Falconer’s New Universal Dictionary of the Marine, 1815 Edition
“Being, a Copious Explanation of the Technical Terms and Phrases Usually Employed in the Construction, Equipment, Machinery, Movements, and Military, as well as Naval, Operations of Ships: with such Parts of Astronomy, and Navigation, as will be Found Useful to Practical Navigators.”
Let’s say you are already enough of a sailor to know what “the stem of a boat” and “the ring of an anchor” are. But did you know that each is “puddened” differently?? Aha!

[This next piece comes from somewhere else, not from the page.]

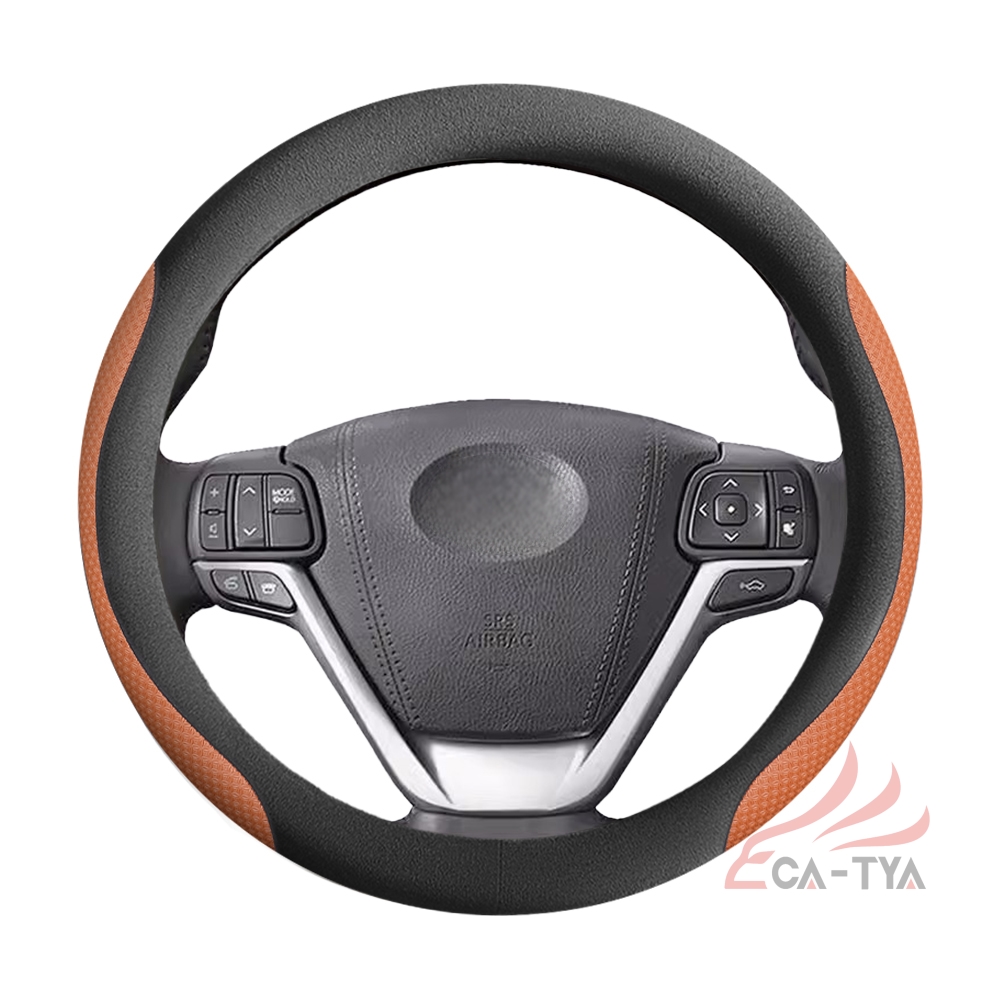 スバル　STI ステアリングカバー付き　サンシェード　新品未使用品 STI ステアリングカバー付き サンシェード STIサンシェード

Even though this book calls itself a dictionary it is rather more an encyclopedia. If sailing ships in general and ships of the navies of the great French wars are your interest, William Falconer’s compendium was and is what one may well call “the mother of all English maritime dictionaries,” especially in this fourth edition which was practically an altogether new book and at any rate a much-improved version of the original from 46 years earlier. It covers everything of relevance and interest to the sailing man, from short entries about the obvious such as shipcraft (“Stilling Waves by Means of Oil”) to the seemingly peripheral (“Ringdal,” an injury to young trees) to multi-page summaries of important voyages or descriptions of two dozen types of nails used in shipbuilding. Most English entries list their Spanish or French equivalents or origins. On the micro and the macro level the book is a many-faceted guide to the technical and historical knowledge of its time and thus of appeal to anyone with an interest in the history of ideas and technology.

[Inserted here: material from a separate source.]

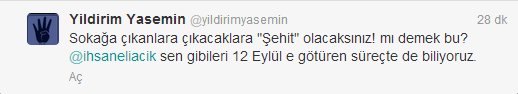 ihsan-eliacik_twitter_sehitlik3.jpg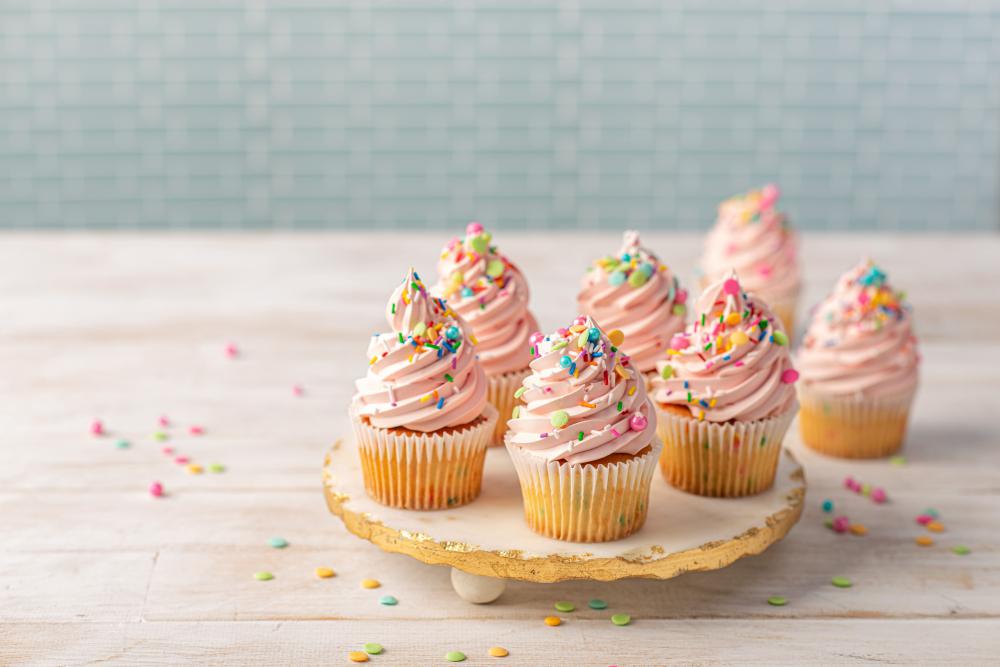 Product gallery 2923507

The ornate language of the day will take some getting used to, more so as Falconer, despite being born (1732) into inauspicious circumstances, had become quite the poet. He learned his shipcraft at an early age by apprenticing himself on a merchant vessel. The first edition of this book was published while or just before he set sail for India in 1769. Much preoccupied—an “agitation of his mind” his friends would later call it—by having been appointed purser on the frigate Aurora and by the possibly lucrative future prospects of becoming private secretary to some of the East India Company officers aboard, Falconer neglected his book and left last alterations to some friend who may not have cared as much. Falconer did not return from this trip, his ship having gone missing on the outbound leg.

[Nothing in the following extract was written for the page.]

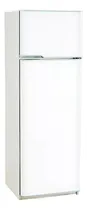 Comprar Heladera Auto Defrost Neba A320 Blanca Con Freezer 318l 220v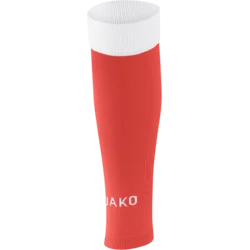 Tube Dynamic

The Publisher’s Note makes a general reference to “some criticism of errors and omissions” evident in the first edition but does not say who it was that criticized or what the nature or severity of the errors was. Even if they were few, the fact that no one kept the book current with the ever growing body of knowledge undermined its standing even while it was considered important enough to be reprinted every few years with minor additions. In its own “error of omission” the publisher then refers to the person who in 1815 at last overhauled the book completely as “William Burney, a naval antiquarian who held the post of Master at the Naval Academy in Gosport.” True, but this omits the fact that Dr. William Burney (1762–1832) founded Burney’s Academy for the Education of Young Gentlemen Destined for the Navy, Army, and the East India Company’s Service (in 1791, possibly a successor to Weston’s Academy of Greenwich) which would later become the Royal Naval Academy, said to have been at one time the best-known naval school in Europe, and carried on by his two sons and a grandson, and by the Rev F.G. Johnson, until 1904. In other words, he was not just any old schoolmaster and it was his top-level connections to the naval world that enabled him to make such significant improvements to Falconer’s work.
These improvements in the main consist of a ca. 80-page “Vocabulary of French Sea-phrases and Terms of Art, Collected from the Best Authorities,” now 35 instead of originally 12 plates of illustrations depicting a multitude of technical drawings pertaining to and referred to in the dictionary section and, most importantly, a general updating/addition of entries pertaining to then-new naval technology and practices.
The only way to be an old salt without being an old salt is to read an old book!